Cliché one, where did the name The Never Setting Suns come from? Is there a story behind how it was chosen?
There is a story but it’s not very good. When we first started playing together we didn’t really have any aspirations to make or do anything besides play in Tyler’s parent’s basement and do a show here or there for our friends. So there was no real need for name, we were just Corey & Tyler’s band. Eventually Tyler and I played the show with Chris at Scaly Wag Tag and told them our name was Broken Idols. We hated the name (because it was a stupid name) and after we picked up Chris and started trying to actually do band like things, we thought we should have a name. We were really bad at coming up with ideas though and The Never Setting Suns looked really good on this picture of New York that my girlfriend, now wife, had taken … so we just went with it. Even Isaac Brock from Modest Mouse who got their name from a line out of a Virginia Woolf book (modest, mouse colored people) always said he wished he’d found a better name so maybe that’s just the nature of naming bands.
How would you say you arrived on "your sound"?
Guitar pedals, friendship and time. I was really obsessed with Craigslist and buying guitar pedals early on, which led us to a lot of experimenting. We wrote the entire song “Spheres” out of a strange delay pedal setting and this cool noise with an e-bow that we saw Explosion in the Sky do. Friendship and time are the real contributing factors though. We live our lives together. Right now Tyler lives in a house with Chris and his wife and we hang out with each other all through the week. What’s cool is that through Chris and me getting married, Tyler and me graduating college, Chris having a kid and the band going on four years being together, we’re somehow closer as friends. We always wanted our band to be something that brought us together and it really has. Because it brings us together, we want to do it. We want to play together and write songs together; we just love what we’re doing. If there’s anything that “our sound” comes out of, it’s that. There’s integrity to music that comes from people who love what they’re writing. I think we learned that from Neil Young.
What's the music scene like in Cincinnati?
It’s prevalent and it has a deep history. There are all of these great people that played in bands ten years ago that still go to shows and play in new bands with guys from other bands that played ten years ago. Then beyond that there’s this great history of the Afghan Whigs, the National, Over the Rhine, Wussy, etc… that virtually everyone respects and is proud to be a part of. It’s also incredibly encouraging to see older musicians with lives, real lives, past the age of twenty five and still writing or playing music. There’s this particular guy in a band around here called Pop Empire that has two sons and hearing him talk about how he encourages them to be creative and look at the world differently from everyone else is just as encouraging for us to hear.

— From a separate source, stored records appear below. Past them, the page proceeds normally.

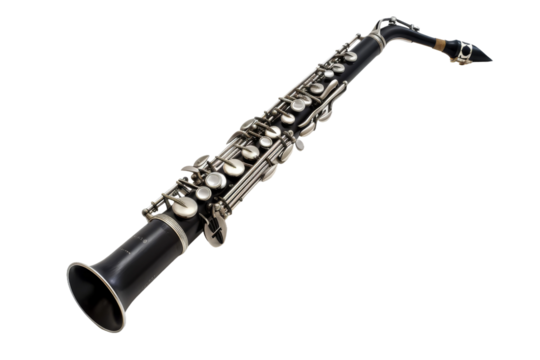 Sleek black clarinet with silver keys and a polished finish isolated on transparent background
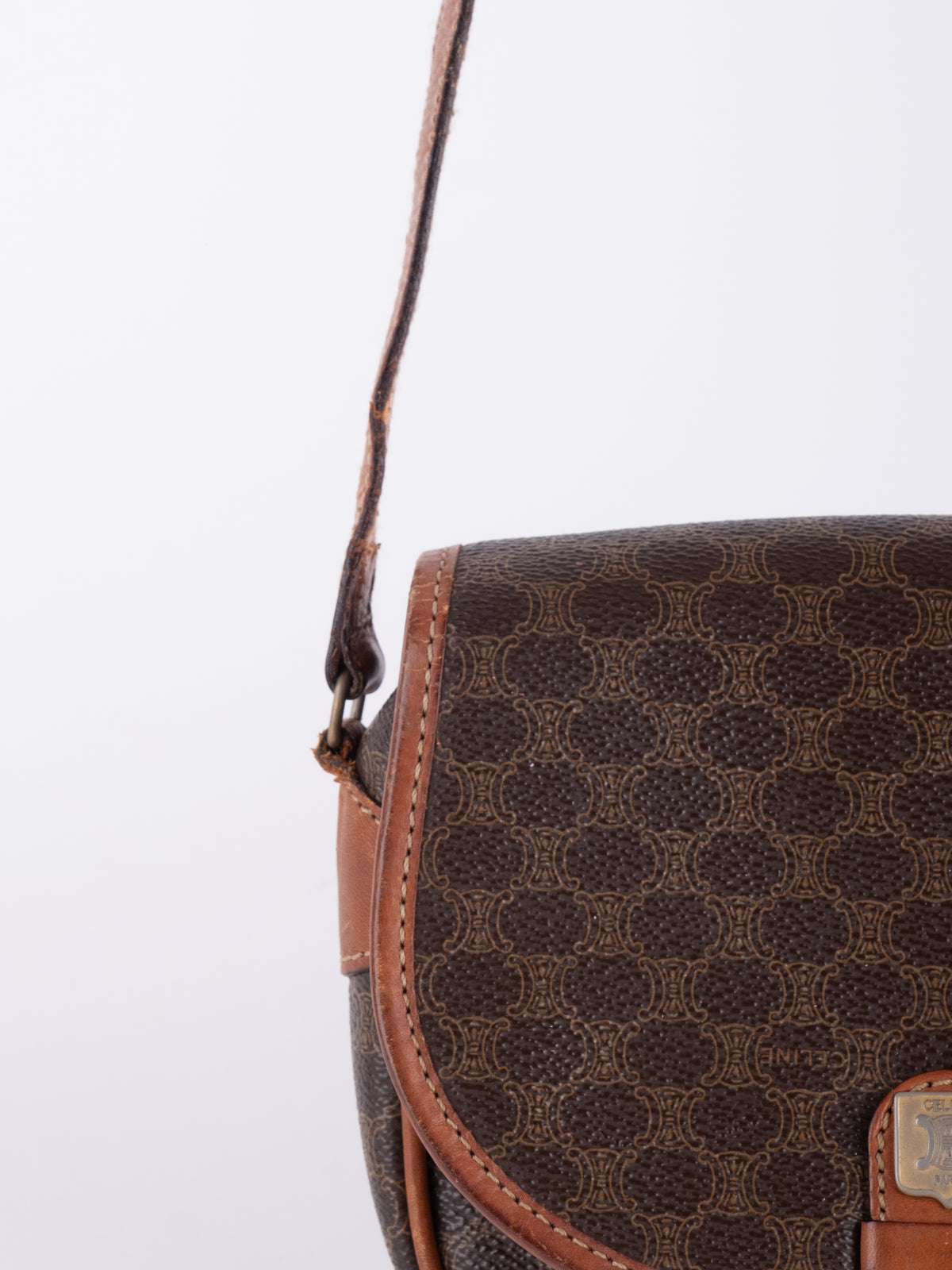 Celine Vintage Macadam Brown Mini Saddle Bag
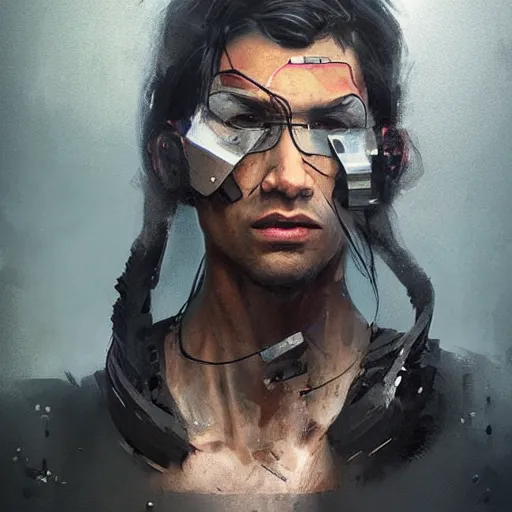 Image similar to portrait of a cyborg by greg rutkowski, he is about 3 0 years old, indian, very tall and slender, messy long black hair, he is wearing a black t - shirt, highly detailed portrait, digital painting, artstation, concept art, smooth, sharp foccus ilustration, artstation hq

It’s artists like that in our community that really makes us glad to be a part of the music culture we’re in.
What can people expect when they see you live? Who are some people that you have looked up to in the past in terms of live performance and stage presence?
When we write songs, we spend a lot of time talking about what we want them to be about. What the song is about determines what the lyrics are, the feel of the song and ultimately how we play the song. Envisioning what we’re playing, especially if the song is a narrative, is something we value and it’s where we draw the emotion of how we’re playing. What we’re playing about determines how we’re playing it. If the song is about that feeling of being trapped in a personal struggle, then our individual reactions come out. Tyler’s going to lash out, I’m going to writhe on stage and Chris will move around with an air of introspection. It’s what we do, we have these feelings and these stories that we want to share with people and our bodies are as much a part of them as our music is. If we’re going to be vulnerable with people about who we are and what we’re thinking, we’re not going to look like we’ve got everything together either. Because we don’t. We’re flawed and human and communicating that does not come through an air of composure. That’s why we draw a lot of influence from artists like Fugazi, Godspeed! You Black Emperor and Neil Young. They structured their performances in such a way that they couldn’t play songs without feeling and that’s really all we’re trying to do.

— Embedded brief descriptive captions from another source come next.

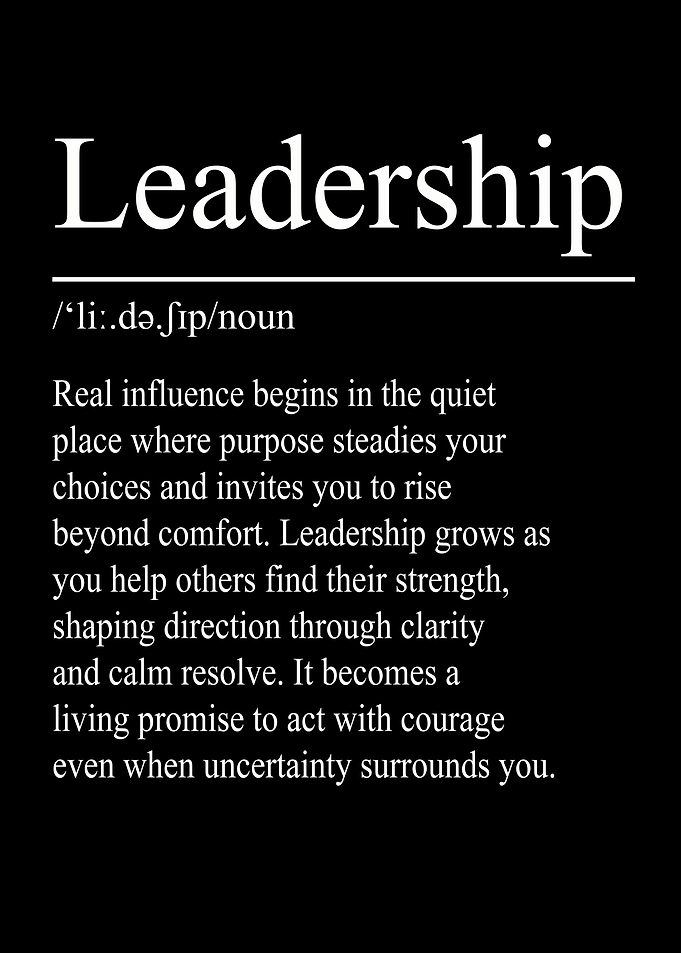 Leadership Definition – Black | Minimalist Typography Poster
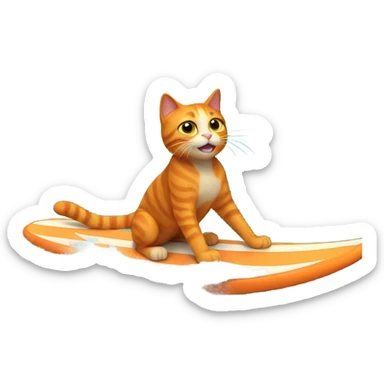 A orange cat surfing in the ocean with waves  sticker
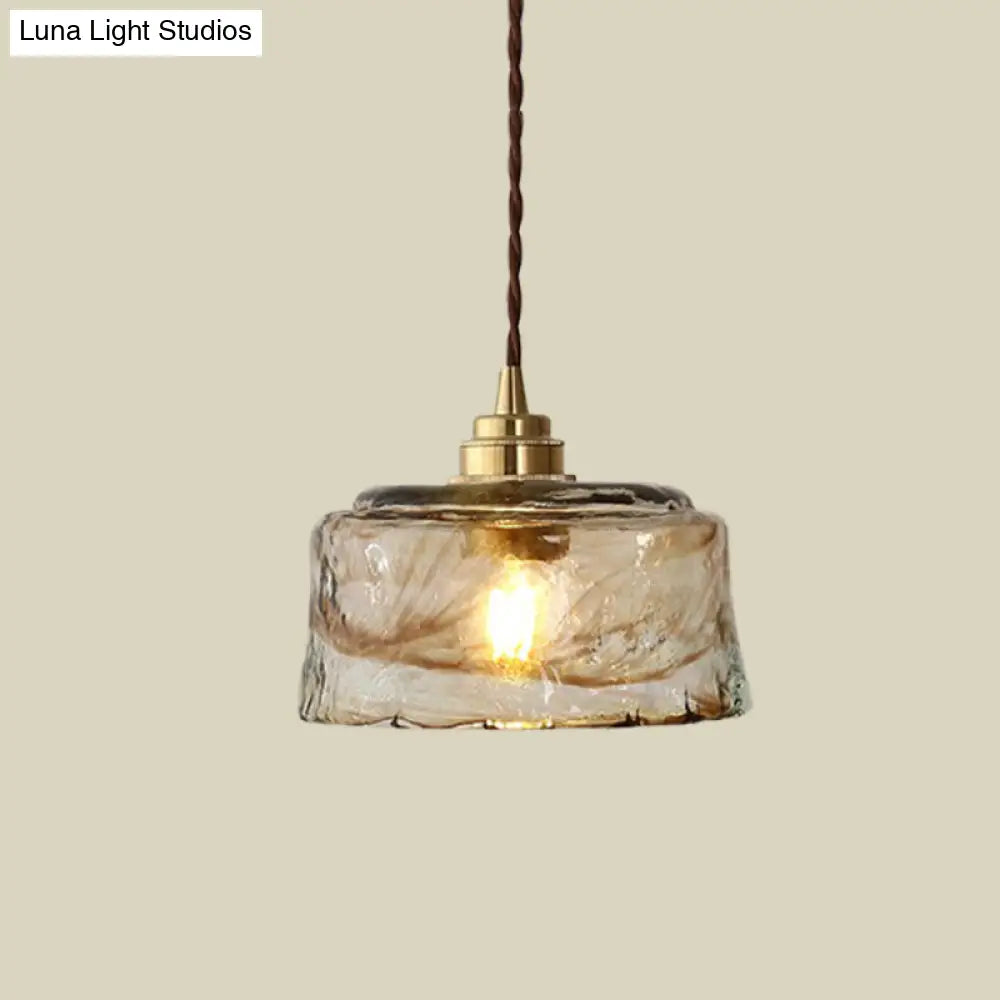 Amber Rippled Glass Pendant Lamp - Modern Bowl Drop Design With 1 Light Gold Finish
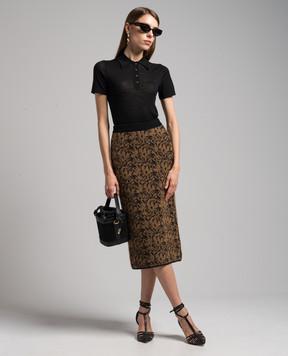 Nanushka Jorna brown patterned pencil skirt NW23PFSK00299
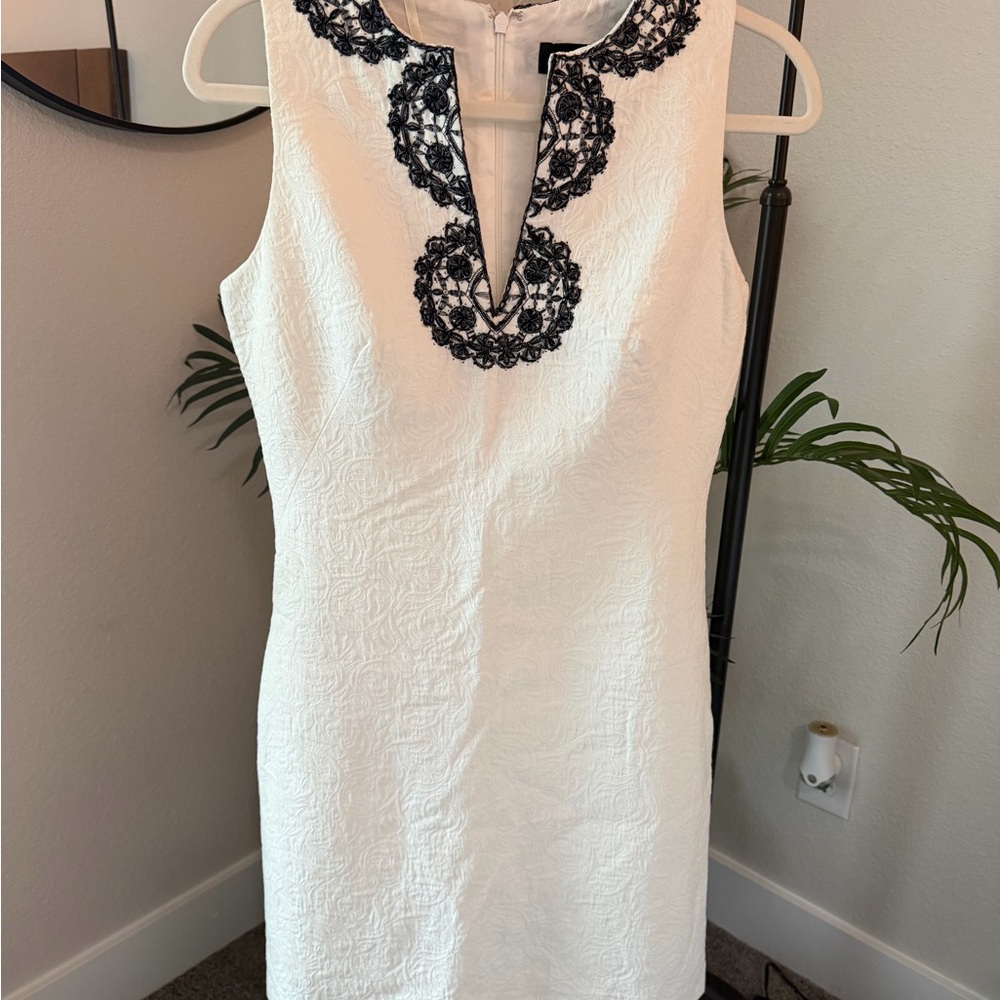 Chetta B White Sleeveless Mini Dress with Black Lace Trim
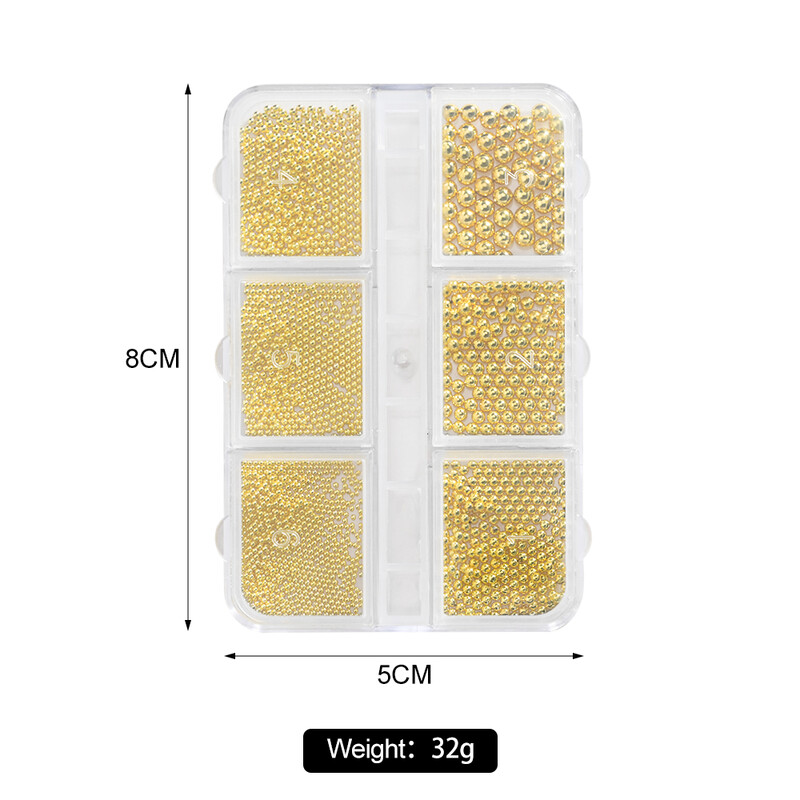 6 pojaseva/kutija Perle od kavijara od nehrđajućeg čelika Nail Art Mješovite veličine Legirano zlato/srebro Gun Bead Privjesci za nokte 0,8-3 mm Mikro kuglica za manikuru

What would you like for them to take away?
We played a show once at the Southgate House in Newport, KY in this tiny packed upstairs room. There was this older woman that none of us had ever seen before who made her way to the front and absolutely let herself go to what we were playing. After the show I ran into her and I told her how encouraged we were by her enjoying what we were doing. I had kind of thought that she’d just been really drunk but when I said this to her she very soberly and calmly just looked at me for a few seconds without saying a word. She smiled and said, “You know, someday I hope my daughters will be able to do what you do.” She went on to explain that when she saw us playing she was taken aback by how moved we were by our own songs. She said that was her one wish for her daughters, to be able to do something that they truly loved doing. That’s always been the reaction from people that fuels us, when people see us let ourselves go in our songs and they themselves let go too. Ian MacKaye of Fugazi once said, “We don't wanna play to a bunch of heads and bodies because heads and bodies represent consumers, and I don't want anything to do with that.” That’s what we don’t want. We don’t want people to come to our shows, pay for their ticket, receive their performance, go home and feel cool. We are not a product and we’re not offering a product when we play. We’re offering people the opportunity to be a part of something that we love. We’re sharing an incredibly intimate part of our lives with the hope of people responding to and feeling a part of it themselves. Jeff Tweedy of Wilco compared what he felt a good show should be like to what he felt church should be like, a group of people with a sense of community coming to share in an experience. So, to put it shorty, we want people to feel the movement of what we’re doing and walk away with that experience.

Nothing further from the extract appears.